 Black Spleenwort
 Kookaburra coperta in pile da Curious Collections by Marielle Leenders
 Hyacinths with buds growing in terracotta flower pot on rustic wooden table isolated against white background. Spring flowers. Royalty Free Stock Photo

• Requirement: Take the listing above and set it down exactly.

• Exercise output:
 Black Spleenwort
 Kookaburra coperta in pile da Curious Collections by Marielle Leenders
 Hyacinths with buds growing in terracotta flower pot on rustic wooden table isolated against white background. Spring flowers. Royalty Free Stock Photo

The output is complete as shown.